If what petitioner obtained by tbe payment to Mrs. Backus was her interest in the partnership property, see Nathan Blum, supra [5 T. C. 702], the situation seems to us comparable to the purchase by a landlord of the remaining term of an outstanding lease. See Henry B. Miller, 10 B. T. A. 383. Here petitioner would, obtain all the partnership assets by the terms of the agreement when its term expired just as the landlord would obtain a full interest in his property at the termination of the lease. In such circumstances where the landlord proceeds to use the property so acquired, he is permitted to amortize the expenditure over the remaining term of the acquired lease. Clara Hellman Heller Trust No. 1610, 7 T. C. 556, reversed on other grounds sub nom. Wells Fargo B. & U. Trust Co. v. Commissioner, (C. A. 9) 163 F. 2d 521. And if what petitioner obtained was Mrs. Backus’s interest in the partnership profits during the balance of the term of the agreement, this was merely a wasting asset to be recovered out of the income produced, Eleanor S. Howell, 24 T. C. 342, as in the case of the purchase of a life estate by the owner of the remainder. Bell v. Harrison, (C. A. 7) 212 F. 2d 253. Under either analogy or on a combination of the two, we conclude that the expenditure was recoverable over the life of the interest acquired and that depreciation as claimed should be allowed.
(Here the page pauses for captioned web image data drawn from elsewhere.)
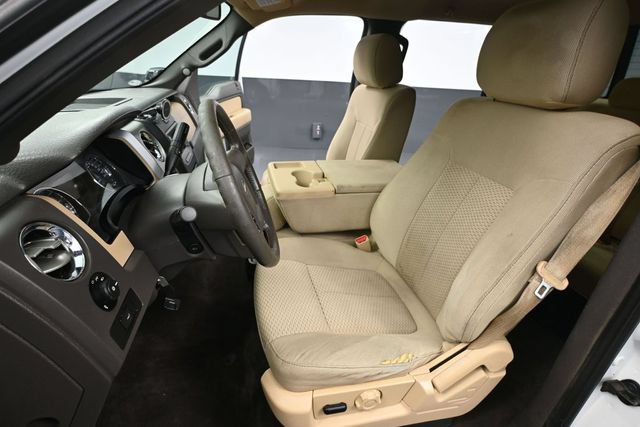 Used 2013 Ford F150 XLT w/ Luxury Equipment Group AWD/4WD image 17
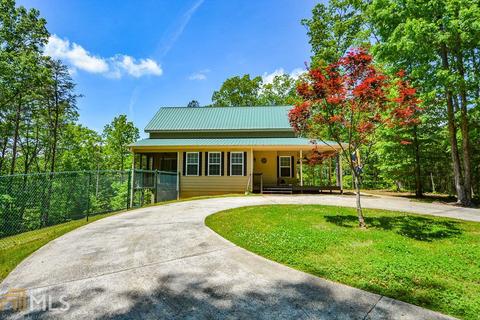 471 Down Under Dr, Jasper, GA 30143 photo 32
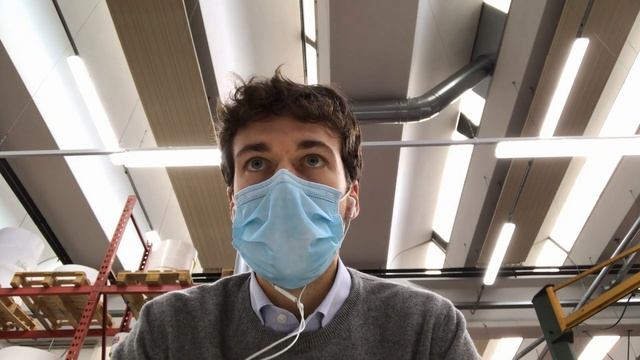 Lavorare in Kaizen Institute Italia - La parola ai nostri giovani смотреть онлайн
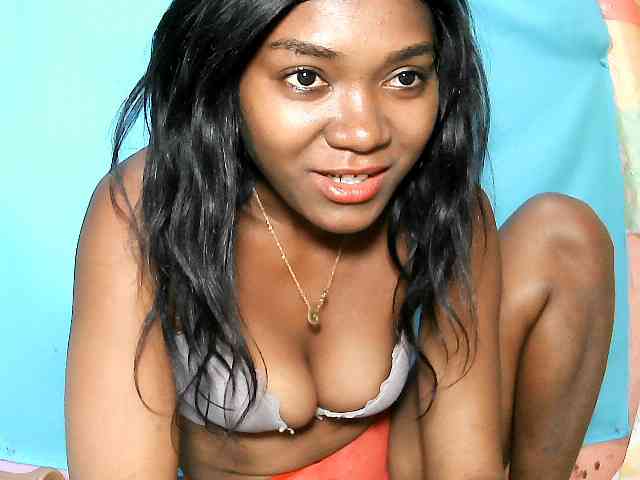 Tania6668 webcam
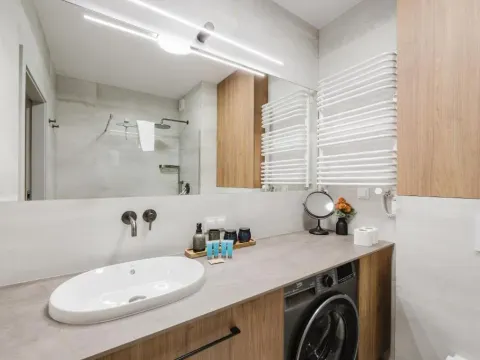 Jeżyce Boutique Living Apartment by BookingHost, photo 7 of 10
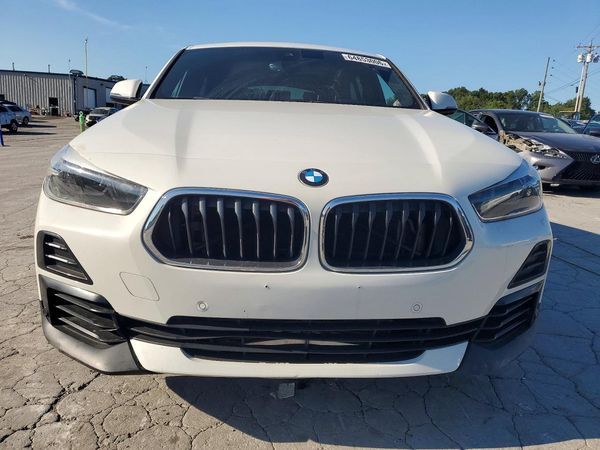 2022 BMW X2 xDrive28i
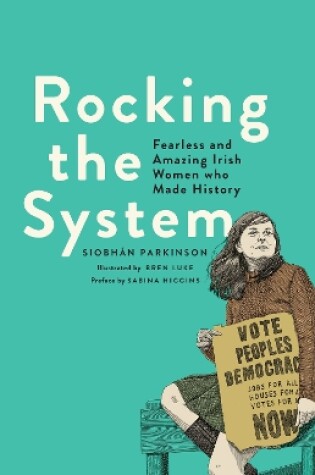 Cover of Rocking the System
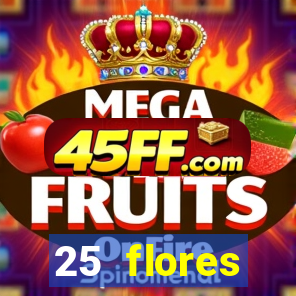 25 flores silvestres com nomes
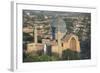 Gur-E Amir Mausoleum-null-Framed Photographic Print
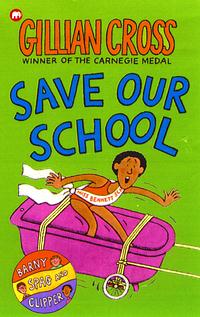 Save Our School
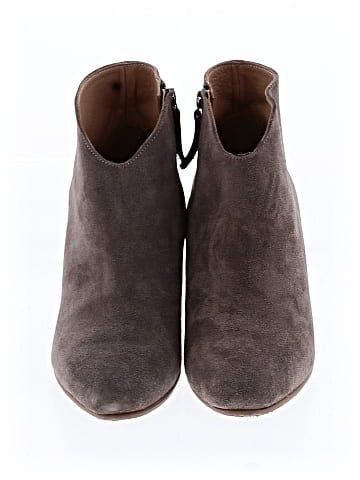 Bueno Ankle Boots (view 2)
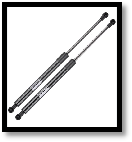 Air spring TY1202950 for 丰田 Toyota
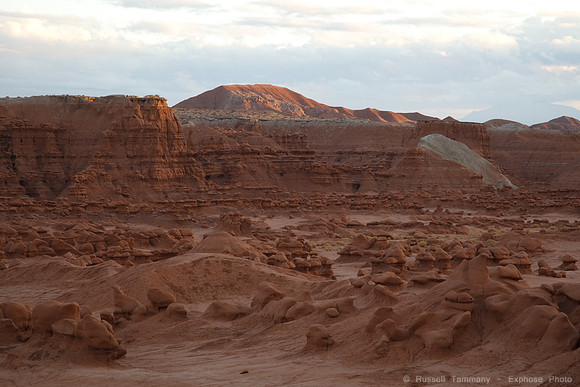 Goblin Valley State Park, UT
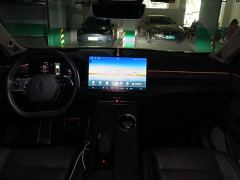 AITO M5 EREV EditionAWD Edition - ფოტო 16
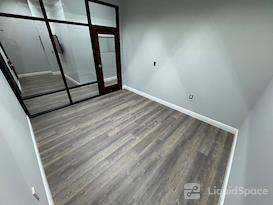 Easy Work Space (Mars)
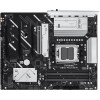 Купить материнскую плату Asus PRIME B850-PLUS WIFI Socket AM5 с поддержкой DDR5 и 2.5G LAN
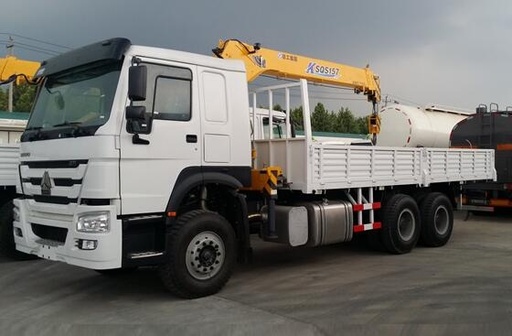 Crane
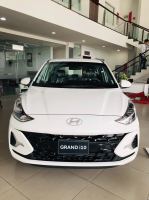 Bán xe Hyundai i10 2024 1.2 AT giá 435 Triệu - TP HCM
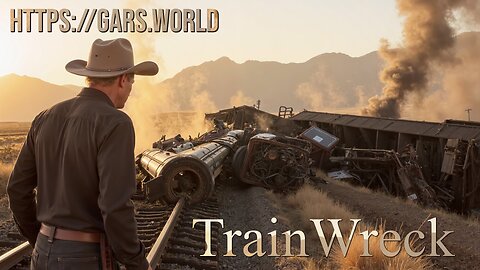 Train Wreck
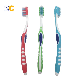  Hotel Using Prepaste Feature Adult Toothbrush Disposable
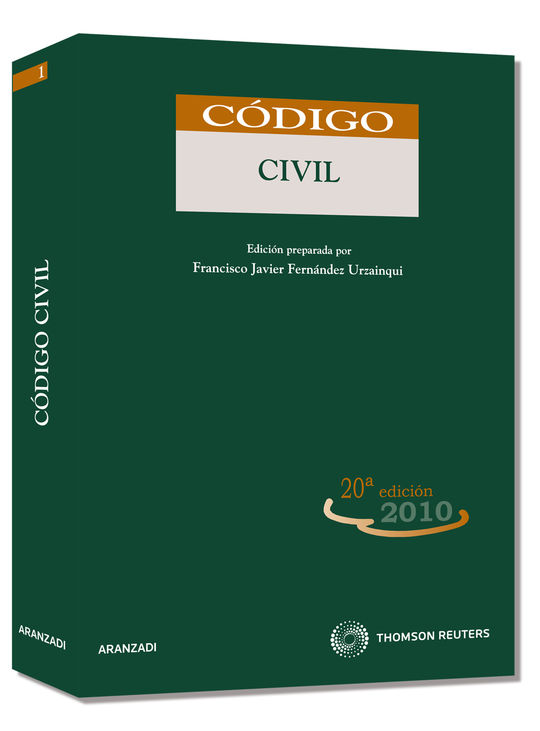 C�DIGO CIVIL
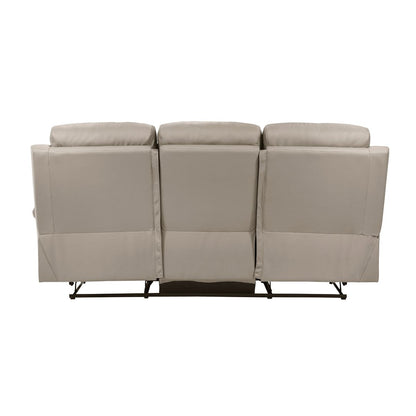 Hancock - Double Reclining Sofa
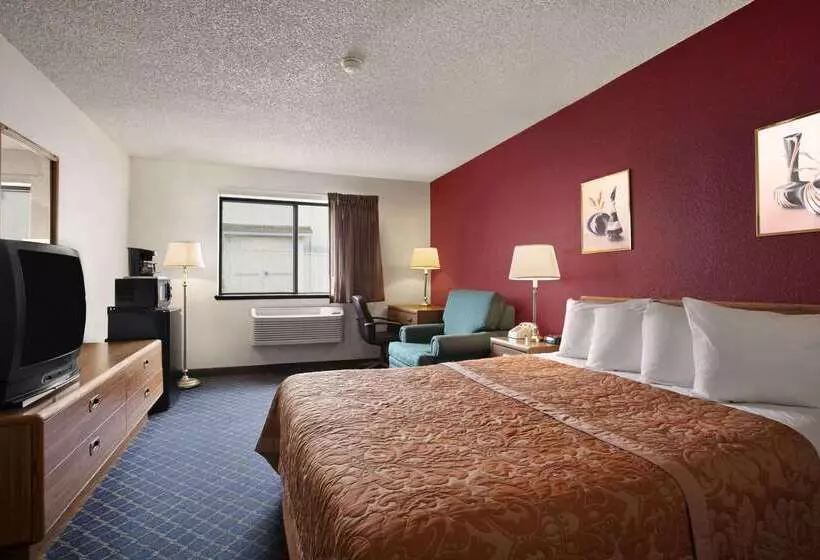 汽车旅馆 Super 8 By Wyndham Arcata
This is not like an ordinary case where the purchaser of an interest in a partnership seeks to amortize the payment. In such a ease, since the partnership would exist for an indeterminate period, possibly no anticipated life for the payment could be fixed. Of. Ethel Sperling, supra. Petitioner here was not buying an interest in a partnership of indeterminate duration, nor was he buying the assets themselves. These would become his in any event at the termination of the agreement. All that he was buying was the interest that Mrs. Backus owned. All that she owned would completely terminate at the conclusion of the 20 months. * * * [Emphasis supplied.]

Here too, petitioners were not buying the stock. All they bought were the life interests of the income beneficiaries in the trust. These interests were terminable, and the stock would become petitioners’ in any event on termination of the trust.

Decisions will be entered under Bule 50.